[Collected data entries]
"""

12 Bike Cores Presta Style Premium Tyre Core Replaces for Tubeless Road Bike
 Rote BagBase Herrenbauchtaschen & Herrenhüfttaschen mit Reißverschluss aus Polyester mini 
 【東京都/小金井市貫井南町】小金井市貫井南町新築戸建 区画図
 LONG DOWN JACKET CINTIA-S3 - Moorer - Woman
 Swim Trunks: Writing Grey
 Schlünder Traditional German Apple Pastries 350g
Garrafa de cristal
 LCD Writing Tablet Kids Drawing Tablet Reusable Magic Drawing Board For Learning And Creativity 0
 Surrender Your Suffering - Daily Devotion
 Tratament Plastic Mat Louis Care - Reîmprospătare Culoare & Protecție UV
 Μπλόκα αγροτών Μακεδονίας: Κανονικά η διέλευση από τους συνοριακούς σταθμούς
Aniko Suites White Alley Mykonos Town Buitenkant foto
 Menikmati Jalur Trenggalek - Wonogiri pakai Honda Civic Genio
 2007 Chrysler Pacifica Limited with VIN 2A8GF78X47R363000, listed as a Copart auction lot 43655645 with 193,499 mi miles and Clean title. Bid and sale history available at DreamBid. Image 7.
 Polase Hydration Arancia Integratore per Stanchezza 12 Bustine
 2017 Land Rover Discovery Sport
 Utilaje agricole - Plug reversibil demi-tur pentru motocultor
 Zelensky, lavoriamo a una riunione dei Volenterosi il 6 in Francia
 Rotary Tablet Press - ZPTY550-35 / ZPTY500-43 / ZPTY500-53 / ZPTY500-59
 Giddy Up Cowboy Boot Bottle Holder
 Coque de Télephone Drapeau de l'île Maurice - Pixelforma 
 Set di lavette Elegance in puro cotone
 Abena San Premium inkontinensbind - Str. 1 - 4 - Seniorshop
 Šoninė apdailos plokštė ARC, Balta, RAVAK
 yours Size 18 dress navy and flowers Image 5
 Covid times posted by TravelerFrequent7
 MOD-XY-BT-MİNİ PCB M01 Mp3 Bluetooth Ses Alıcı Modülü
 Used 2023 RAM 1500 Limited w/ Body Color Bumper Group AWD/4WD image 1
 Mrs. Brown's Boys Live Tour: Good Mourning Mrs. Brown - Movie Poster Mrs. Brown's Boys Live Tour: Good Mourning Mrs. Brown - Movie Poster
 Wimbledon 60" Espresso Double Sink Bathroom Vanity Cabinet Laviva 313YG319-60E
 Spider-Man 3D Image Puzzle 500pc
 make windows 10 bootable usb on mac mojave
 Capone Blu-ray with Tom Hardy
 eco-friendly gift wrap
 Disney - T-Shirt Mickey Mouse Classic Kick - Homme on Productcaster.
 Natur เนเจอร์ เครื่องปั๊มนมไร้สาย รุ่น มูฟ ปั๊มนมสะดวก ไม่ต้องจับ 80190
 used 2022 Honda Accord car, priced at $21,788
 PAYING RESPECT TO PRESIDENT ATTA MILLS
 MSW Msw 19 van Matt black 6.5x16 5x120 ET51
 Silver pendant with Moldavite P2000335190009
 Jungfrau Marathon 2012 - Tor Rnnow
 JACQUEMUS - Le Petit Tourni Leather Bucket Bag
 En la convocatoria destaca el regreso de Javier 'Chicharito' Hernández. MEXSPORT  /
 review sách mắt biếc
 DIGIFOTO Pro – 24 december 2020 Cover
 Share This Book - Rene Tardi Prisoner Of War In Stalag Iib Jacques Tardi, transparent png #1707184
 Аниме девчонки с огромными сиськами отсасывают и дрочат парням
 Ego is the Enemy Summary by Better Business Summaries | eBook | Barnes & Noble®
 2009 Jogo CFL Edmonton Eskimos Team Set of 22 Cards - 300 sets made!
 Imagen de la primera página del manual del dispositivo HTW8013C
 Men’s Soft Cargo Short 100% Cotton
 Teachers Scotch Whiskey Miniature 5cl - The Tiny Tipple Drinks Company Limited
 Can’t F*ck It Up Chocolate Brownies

"""

### [WORK TO COMPLETE]
Once you have found every line above holding the word "Tablet", copy those lines.

### [EXPECTED ANSWER]
 LCD Writing Tablet Kids Drawing Tablet Reusable Magic Drawing Board For Learning And Creativity 0
 Rotary Tablet Press - ZPTY550-35 / ZPTY500-43 / ZPTY500-53 / ZPTY500-59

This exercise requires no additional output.